You’ve seen it before — countless times probably — the banal phrases: “Visit us on Facebook” or “Friend us on Twitter.”
These days, marketing should run hand-in-hand with a strong social media presence. But having a profile on Facebook or sending tweets on Twitter are table stakes, not (as we see over and over again) the closing exclamation point for a television commercial or a radio spot.
Consider this: The most vital brands – Apple, Amazon and Nike – never advertise their existence on Facebook. It’s a given that Amazon has a group page on Facebook and that Nike is sending out frequent tweets on Twitter. As consumers in an evolving marketplace, we should assume this and companies should act accordingly.
Brian Stelter, a media reporter for The New York Times, who was highlighted in Page One, a documentary on the changing landscape of the newspaper industry, provided interesting insight on this topic.
“Twitter makes us faster and smarter,” Stelter said in a recent interview. “It doesn’t change my day, but it probably changes how aware I am of the news. It makes me respond to the news faster.”

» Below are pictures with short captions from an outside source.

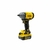 Chave De Impacto Bateria Stanley Sbw920 20V 1/2 S/ Bateria - comprar online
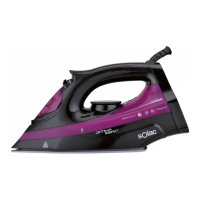 Preview: SOLAC PV2014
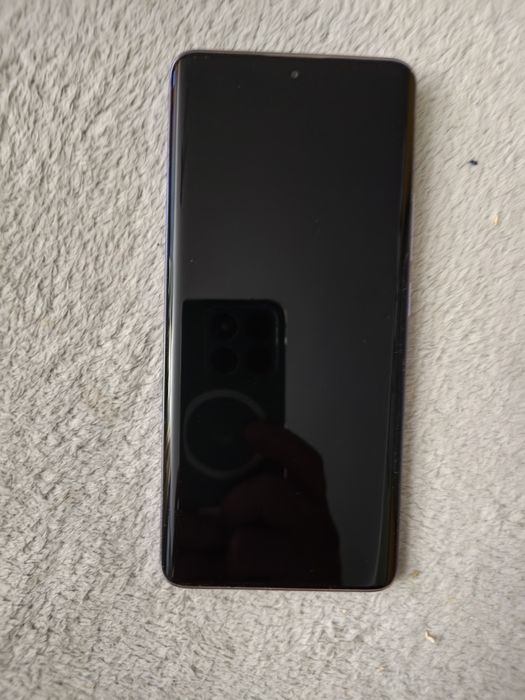 Xiaomi redmi note 14 pro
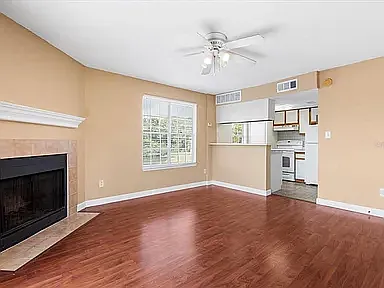 9100 Martin Luther King St N #314 — Photo 5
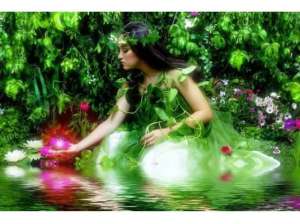 ������� ���������� ��������. ������ ����, ����� ���� (�����), ����� ���� (�������). ������-�����. ������� �� ���� �����, ������ - ����������� 1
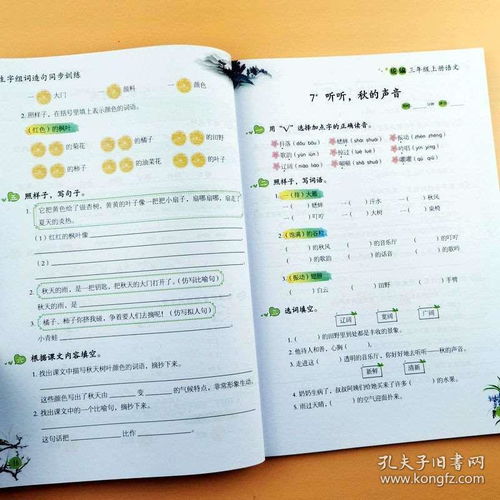 外组词造句怎么写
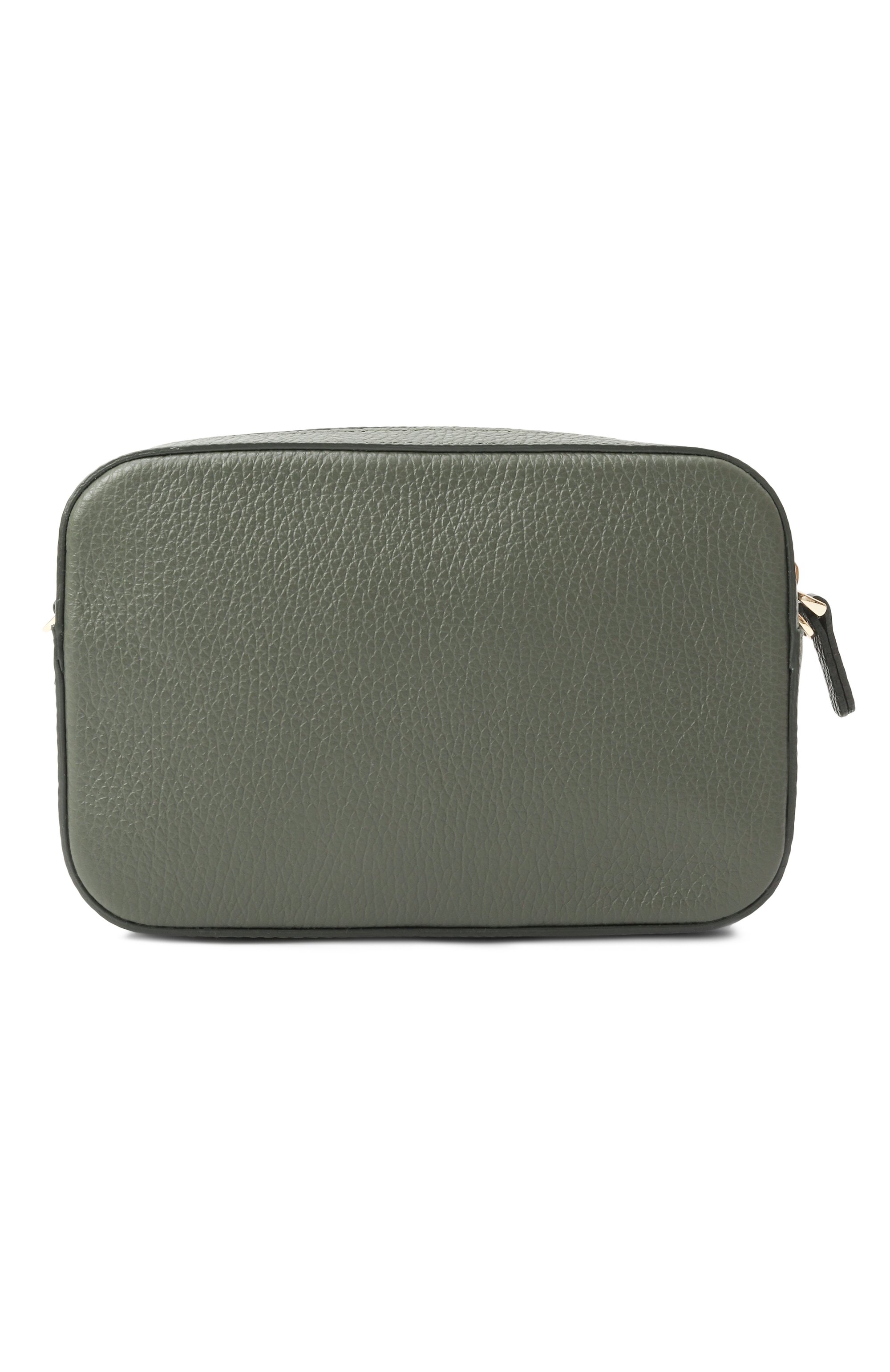 Сумка tebe small COCCINELLE, арт. E5MN555I101, фото 6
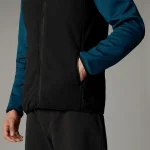 Men's 100 Glacier Gilet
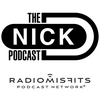 undefined The Nick D Podcast on Radio Misfits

While this blog isn’t about focusing on the positive facets of Twitter and Facebook, it is about reminding companies that using these social media tools isn’t “big news.” Stelter reaffirms the necessity of these social media avenues for businesses.
Having a social media presence is an intangible for businesses, but sharing that you have it is not a means to steal market share.
Just as banks offer free checking, or fast food restaurants offer quick service, every vital company should have a Facebook and Twitter identity.
A word to the wise: Please stop wasting your time telling us you have these options.